Masutti, 2020[1], p. 406
Remarque : Capitalisme et automatisation : suite ou fin ?
Pour Bernard Stiegler, l'économie capitaliste est le fruit d'un mouvement d'automatisation, qui a d'abord permis de gagner en productivité et de redistribuer une partie des gains pour stimuler la consommation, d'où est né le consumérisme.
L'automatisation a des effets concrets (prolétarisation) : les savoirs-faire incorporés se perdent dans les machines et se réduisent à des automatismes.
L'automatisation s'accélère aujourd'hui, en particulier avec l'explosion des systèmes à base de machine learning : le secteur tertiaire est lui aussi touché.
L'automatisation ne s'arrête pas au travail : le marketing, via les pratiques de surveillance, tend à déterminer de plus en plus les choix des consommateurs, les privant ainsi de liberté.
Stiegler spécule qu'à un moment (reste à savoir lequel...), l'automatisation aura atteint de telles limites qu'elle ne permettra plus de redistribution : le capitalisme s'effondrera.
Attention : Il n'y a pas de frontière entre dedans et dehors
Ce qui est difficile, c'est que les choses ne sont pas binaires.
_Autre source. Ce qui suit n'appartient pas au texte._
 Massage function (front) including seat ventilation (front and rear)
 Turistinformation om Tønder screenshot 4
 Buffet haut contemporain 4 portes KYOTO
Stiegler semble suggérer que le consumérisme et les technologies du capitalisme annihilent la production de connaissances et le libre-arbitre. Pourtant, même sur Facebook on voit des mouvements s'organiser, réfléchir et produire des connaissances. C'est précisément ce que suggérait Fogg en parlant de captologie : « ma mère peut créer un groupe sur Facebook et influencer des centaines, des milliers, voire des millions de personnes » ( Fogg, 2012[2]).
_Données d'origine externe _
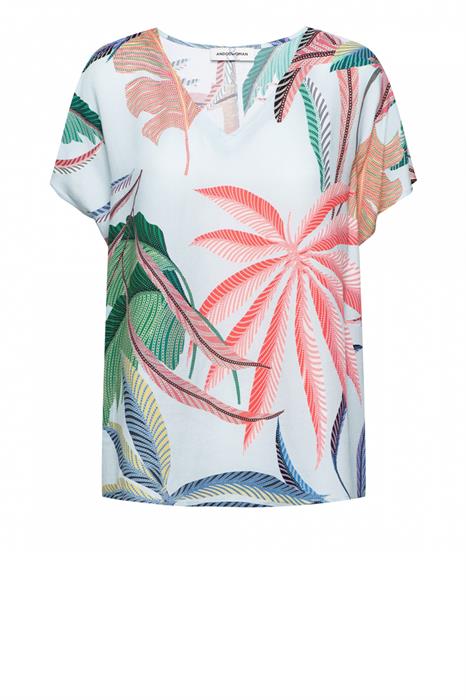 &Co Woman T-shirt Annelot tropical TO208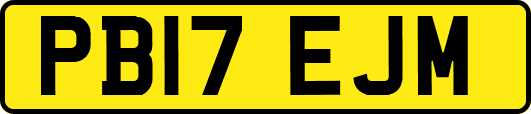 PB17EJM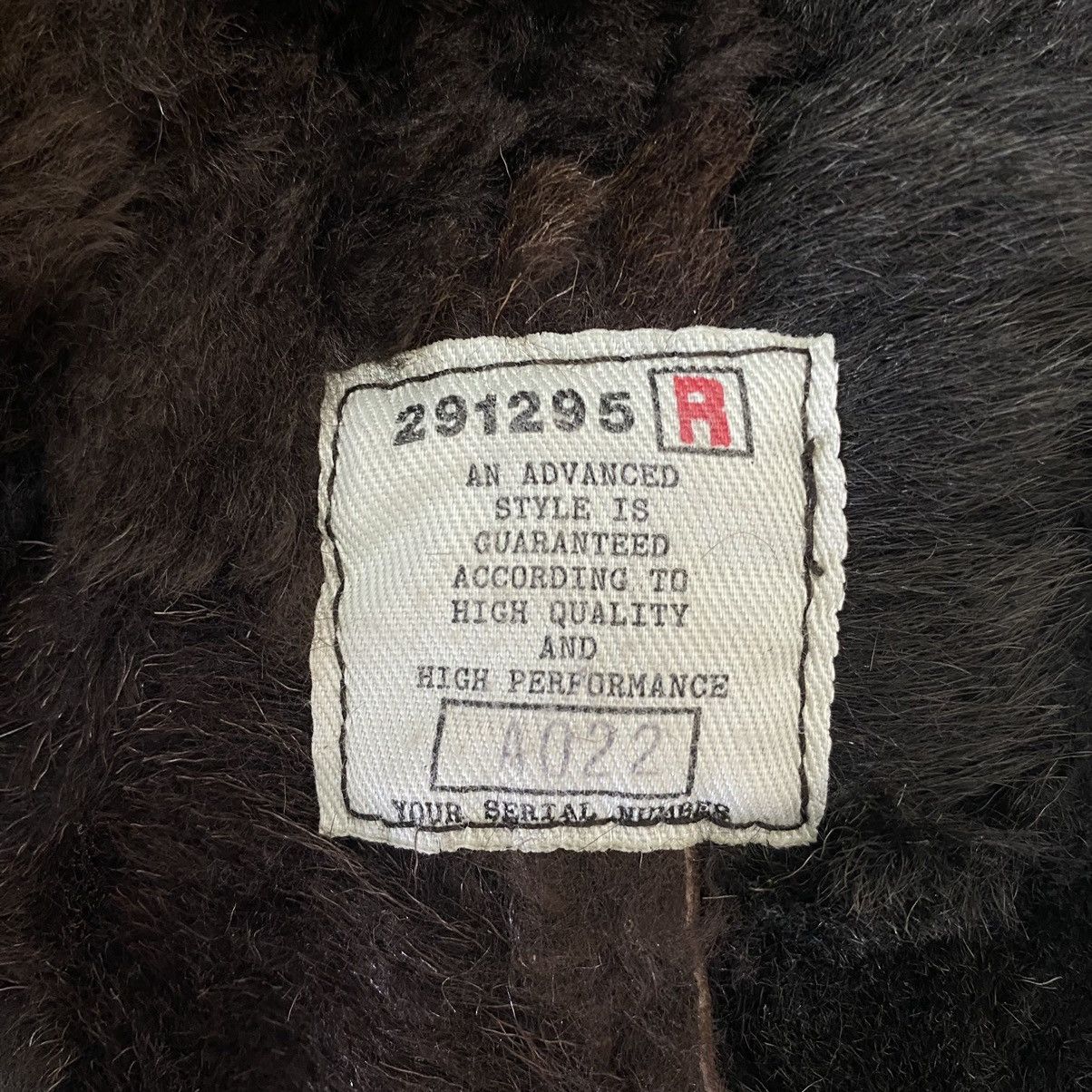 Japanese Brand 291295 Japanese Brand Brown Sherling Mink Coat Size US M / EU 48-50 / 2 - 2 Thumbnail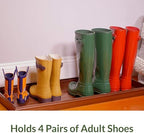 Good Directions Large Boot Tray, Circles Multi-Purpose All Weather Decorative - Image 4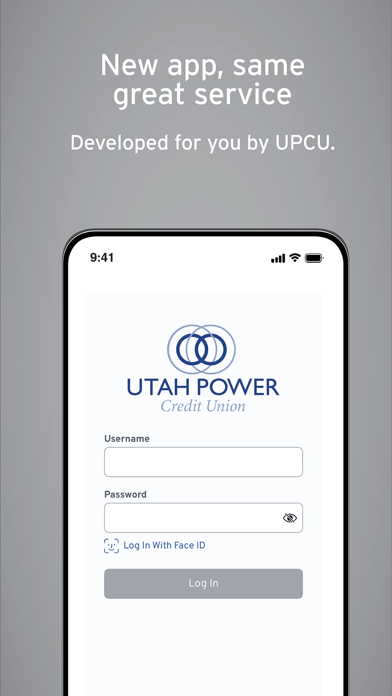 Utah Power Credit Union Screenshot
Remarque : L'utopie est déjà là
La gestion communautaire et auto-organisée de ressources (eau, terres, logiciel, encyclopédie...) n'est pas nouvelle. Elinor Ostrom, prix Nobel d'économie en 2009, montre avec des exemples s'étendant sur plus de mille ans comment des individus parviennent à s'auto-organiser pour gérer des Communs, hors des solutions préconisées par la science économique de l’époque (l'état fort ou la privatisation). Elle donne tort à une longue lignée de philosophes et d'économistes (voir « tragédie des communs ») ( Ostrom, 1990[3]).
Méthode : Prérequis techniques
Masutti propose trois conditions pour limiter radicalement les pratiques du capitalisme de surveillance :
Chiffrement de bout en bout ;
Neutralité du net ;
Fédération généralisée.
Fondamental : « Code is law »
Les institutions publiques s'adaptent là où les pratiques le mènent, par la force des choses. Le refus, lui, ne peut-être qu'idéologique.
Masutti, 2020[1], p. 422
Dans une lutte contre le capitalisme de surveillance, il ne peut y avoir de salut dans la revendication individuelle mais dans la construction d'alternatives de réappropriation collectives des connaissances, des technologies et, plus généralement, des communs, fondées sur le partage et la solidarité. Autrement dit, la lutte contre le capitalisme de surveillance ne peut être décrorrélée d'une lutte économique et sociale.
Masutti, 2020[1], p. 435
Fondamental : Incarner, c'est la meilleure manière de transmettre
Les alternatives les plus transformatrices sont celles structurées autour de collectifs dont le fonctionnement interne représente un imaginaire désirable. La sociologue Marianne Maeckelbergh parle de préfiguration. Avec les mots du géographe Simon Springer, dans un article à charge contre le néolibéralisme :
Préfigurer, c’est rejeter le centrisme, la hiérarchie et l’autorité associés à la politique représentative, en soulignant la pratique incarnée des relations horizontales et des formes organisationnelles qui s’efforcent de refléter la société future que nous recherchons. [...] Préfigurer c’est embrasser la convivialité et la joie qui émanent d’être rassemblés comme égaux radicaux ; non pas comme des soldats au front ni comme le prolétariat sur la voie de la promesse transcendantale et vide de l’utopie ou du « non lieu », mais comme l’immanence enracinée de l’ici et maintenant, de la fabrique d’un nouveau monde « dans la coquille du vieux », du travail constant et de la réaffirmation que tout cela implique.